By the end of the Canadian Action Plan, designed to help the country recover from the 2008–10 recession, Canada fell from being third-highest to the bottom of the ranking in social spending as a proportion of GDP for these six OECD countries and was considerably below the OECD average.11Figure 4.2 shows Canada’s record of social expenditures as a percentage of GDP without the comparisons. As a result of the one-off stimulus spending, Canada’s record on social spending did improve after sinking to 16.8 per cent of GDP in 2007, but the spike in the 2008–9 period has levelled off at considerably less (18.1 per cent) than the high point in 1992 at 21 per cent.
Canada’s record on total government spending is slightly different from its record on social spending, at least relative to that of other countries, in that it has more or less retained its ranking as third-highest among the six OECD countries and considerably higher than the OECD average (see figure 4.3). Like all other countries, total spending as a proportion of GDP in Canada has dropped considerably since the high points in the early 1980 and 1990s.
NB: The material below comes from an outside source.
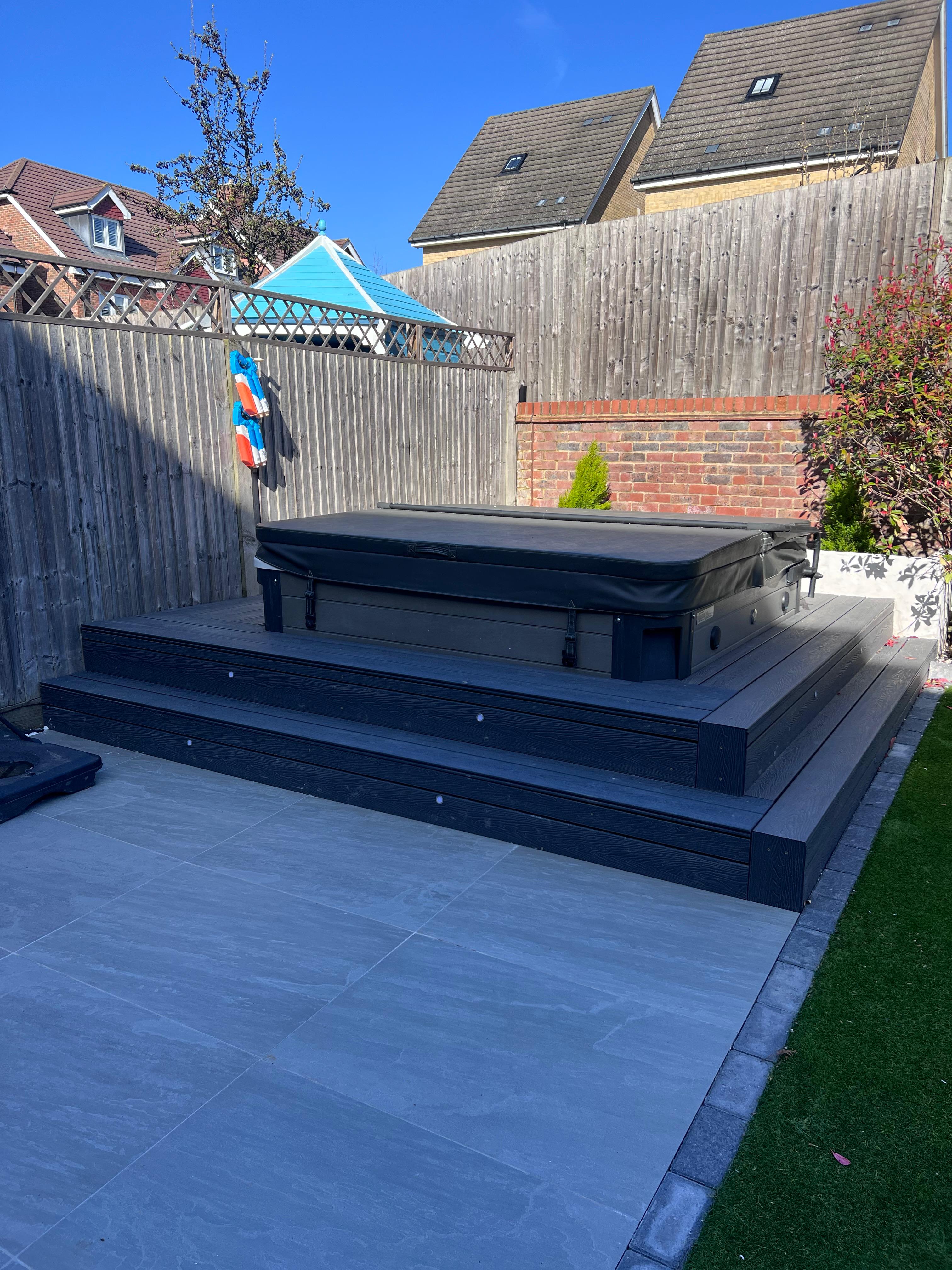 Pergola, Jacuzzi & Front Garden detail 20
The difference after the effect of the 2009–10 stimulus efforts, in comparison with other countries, shows Canada to be on a downward trajectory again as the federal and provincial governments resume their efforts towards balanced budgets.
The Multiplier Effect
There is a strong likelihood that the decline in social expenditures could affect economic performance. This was indicated as a possibility by the government itself through the published multiplier effect of government stimulus policies during the 2008–10 recession. The multiplier is the reference to the total increase in income from a particular type of increase in spending. A dollar of spending can have fairly little impact if it is spent outside the country (such as buying fighter jets), but a dollar spent within the country related to populations who tend to spend all they earn will have a magnified impact.
The report on the activities of Canada’s Action Plan lists the multiplier effect of various types of stimulus activities, as shown in table 4.1.
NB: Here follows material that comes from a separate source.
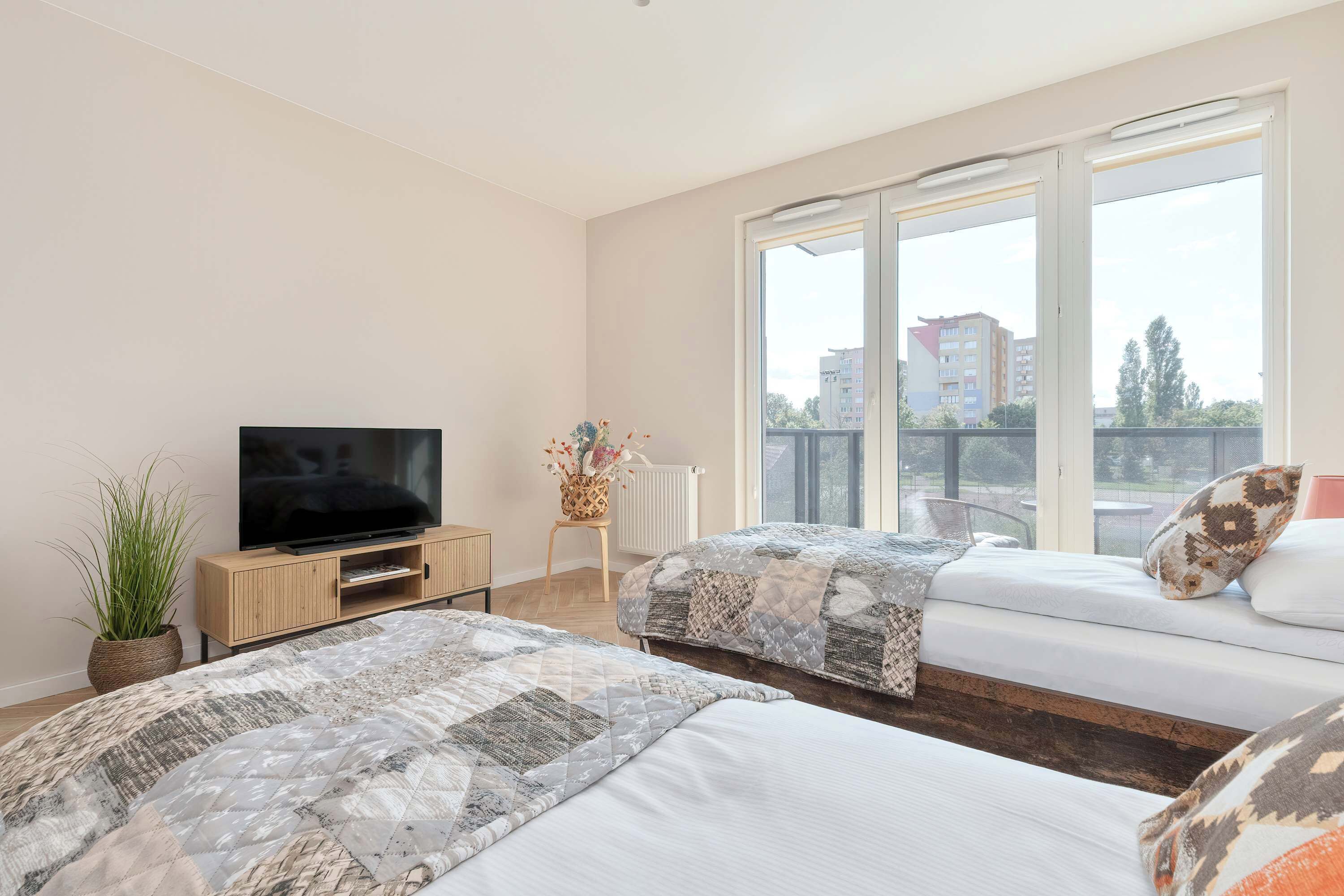 Iron/ironing board, WiFi, bed sheets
Table 4.1. Canadian Expenditure and Tax Multipliers
2009 |
2010 |
|
---|---|---|
Infrastructure investment |
1.0 |
1.5 |
Housing investment |
1.0 |
1.4 |
Other spending |
0.8 |
1.3 |
Measures for low-income households and the unemployed |
0.8 |
1.5 |
EI premiums |
0.4 |
0.5 |
Personal income tax measures |
0.4 |
0.9 |
Business tax measure |
0.1 |
0.2 |
Source: Department of Finance (2011, table A.1).
These figures are instructive, because it is clear that there are significant differences between money that is foregone because of tax cuts, and money spent on low-income households and the unemployed. The actions having no stimulus effect (and in fact, are actions that withdraw money from the economy) are tax reductions for business, reductions in EI premiums, and personal income tax cuts.
The government explains the very low impact of business tax cuts by saying that while they had little impact on demand over the period under review, over the long run they would have the highest multiplier effects, because they would increase the incentive to invest and accumulate capital, which would lead to greater capacity in the ability to produce goods and services (Canada 2011). This is particularly interesting in the case of Canada’s stimulus program because the largest single item of the program was devoted to tax cuts. The government, in its report on the Action Plan, includes $200 billion in tax reductions on individuals, families, and business from various budgets that give tax relief from 2008 to 2013, in addition to the $46 billion in federal government stimulus that in itself included tax cuts (33).
Tax cuts were the only items in the stimulus plans that were retained as permanent features: all other programs ended in 2011, when the economy was assumed to be on the road to recovery. It should also be noted that at this time the recovery was deemed sufficient so that some of the money on infrastructure was not spent. The expenditures actually having a stimulus effect (increased money for the unemployed and those with limited income, infrastructure spending, and increased housing subsidies) were all short-term measures designed only to deal with the crisis itself. In the case of Employment Insurance benefits, the stimulus package expanded coverage for those unemployed only during the recession, and many of those who would have been eligible for benefits during the recession were not eligible when it was declared over.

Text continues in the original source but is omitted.